To use the Norconex crawler to index web pages to the OpenSearch domain, I set https://localhost:60443 in the Norconex config file and ran the crawler, it reported "Failure occured on node: "null" and "Host name 'localhost' does not match the certificate subject provided by the peer (CN=*.us-east-1.es.amazonaws.com)"

So it looks like the problem is caused by a certificate validation failure. Is there an option in the config file that can ignore certificate checks like the --insecure option in the curl command?
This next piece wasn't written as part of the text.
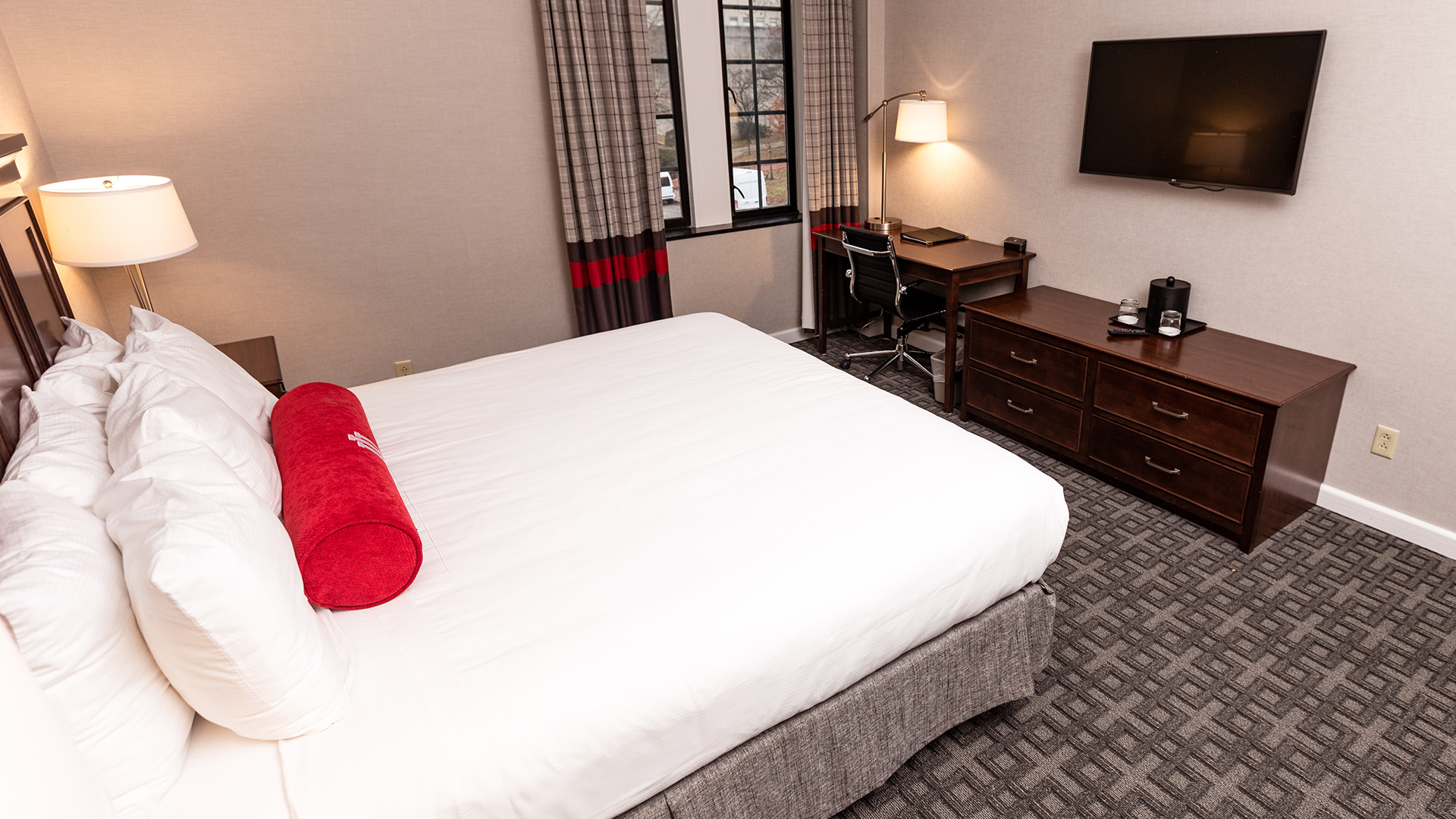 a bed with a red roll on it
My configuration is as following, no user credential is required to access the OpenSearch domain inside the VPC :

        <committer class="ElasticsearchCommitter">
			<nodes>https://localhost:60443</nodes>
			<indexName>tutorials_videos</indexName>
        </committer>

The error message I got after running the crawler is as following:
0:42:22.020 [tutorial video#1] ERROR ElasticsearchCommitter - Failure occured on node: "null". Check node logs.
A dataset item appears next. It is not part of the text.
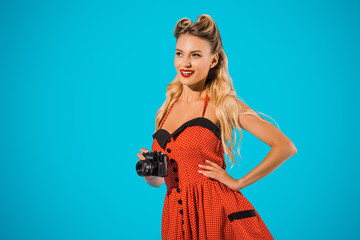 portrait of beautiful smiling woman in retro dress with photo camera isolated on blue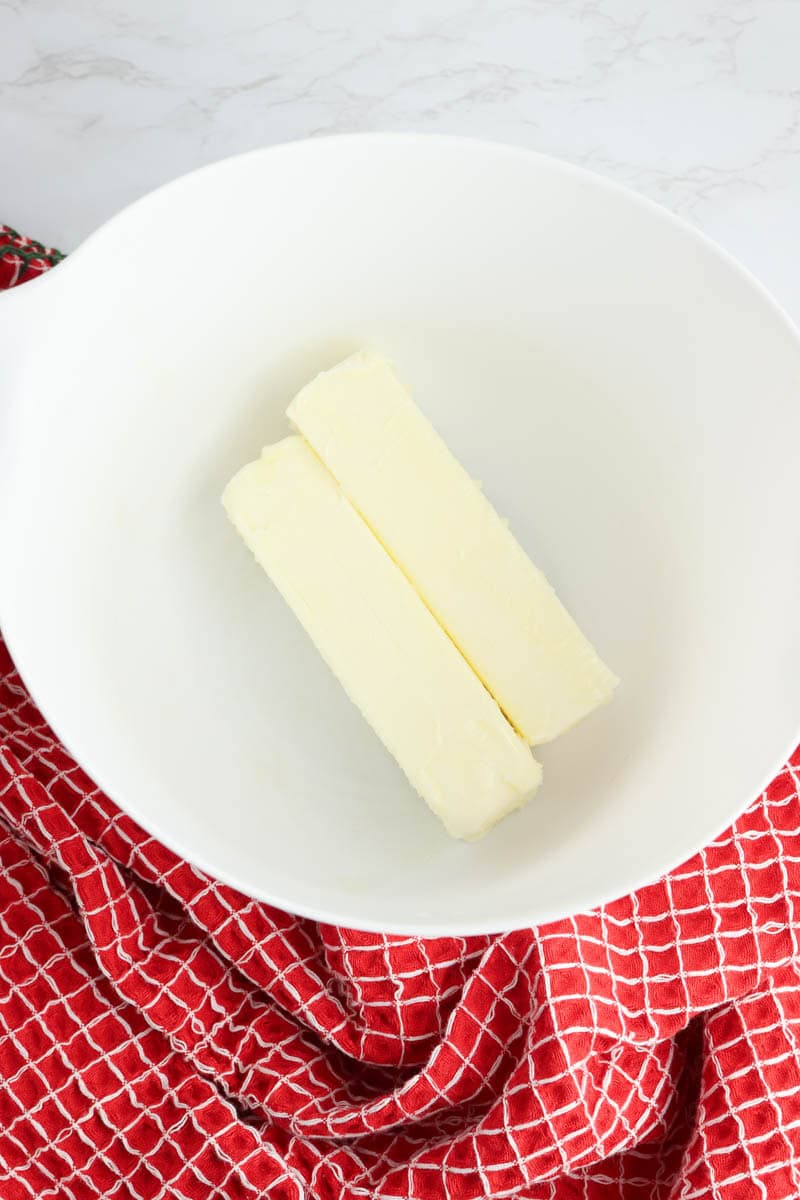 Two sticks of butter in a white bowl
10:42:22.022 [tutorial video#1] ERROR COMMITTER_BATCH_ERROR - CommitterEvent[connectionTimeout=1000,credentials=Credentials[username=,password=,passwordKey=],discoverNodes=false,dotReplacement=,fixBadIds=false,ignoreResponseErrors=false,indexName=tutorials_videos,jsonFieldsPattern=,socketTimeout=30000,sourceIdField=,targetContentField=content,typeName=,queue=FSQueue[batchSize=20,commitLeftoversOnInit=false,ignoreErrors=false,maxPerFolder=500,retrier=Retrier[exceptionFilter=,maxCauses=10,maxRetries=0,retryDelay=0],splitBatch=OFF],committerContext=CommitterContext[eventManager=com.norconex.commons.lang.event.EventManager@6a5e167a,streamFactory=com.norconex.commons.lang.io.CachedStreamFactory@60e06f7d,workDir=.\tutorial_video\MP_32_Collector\tutorial_32_video\committer\0],fieldMappings=com.norconex.committer.core3.CommitterException: Could not commit JSON batch to Elasticsearch.,restrictions=[],request=]
10:42:22.127 [tutorial video#2] INFO DOCUMENT_COMMITTED_UPSERT - https://kidshealth.org/en/teens/center/concussions-ctr.html - Committers: ElasticsearchCommitter
10:42:22.129 [tutorial video#1] ERROR COMMITTER_UPSERT_ERROR - CommitterEvent[connectionTimeout=1000,credentials=Credentials[username=,password=
,passwordKey=],discoverNodes=false,dotReplacement=,fixBadIds=false,ignoreResponseErrors=false,indexName=tutorials_videos,jsonFieldsPattern=,socketTimeout=30000,sourceIdField=,targetContentField=content,typeName=,queue=FSQueue[batchSize=20,commitLeftoversOnInit=false,ignoreErrors=false,maxPerFolder=500,retrier=Retrier[exceptionFilter=,maxCauses=10,maxRetries=0,retryDelay=0],splitBatch=OFF],committerContext=CommitterContext[eventManager=com.norconex.commons.lang.event.EventManager@6a5e167a,streamFactory=com.norconex.commons.lang.io.CachedStreamFactory@60e06f7d,workDir=.\tutorial_video\MP_32_Collector\tutorial_32_video\committer\0],fieldMappings=com.norconex.committer.core3.batch.queue.CommitterQueueException: Could not process one or more files form committer batch located at C:\Users\pantr\eclipse-workspace\medlineplus-crawler-http.\tutorial_video\MP_32_Collector\tutorial_32_video\committer\0\queue\batch-1656600137136000000. Moved them to error directory: C:\Users\pantr\eclipse-workspace\medlineplus-crawler-http.\tutorial_video\MP_32_Collector\tutorial_32_video\committer\0\error,restrictions=[],request=UpsertRequest[reference=https://kidshealth.org/en/parents/pilonidal_gips_animation.html]]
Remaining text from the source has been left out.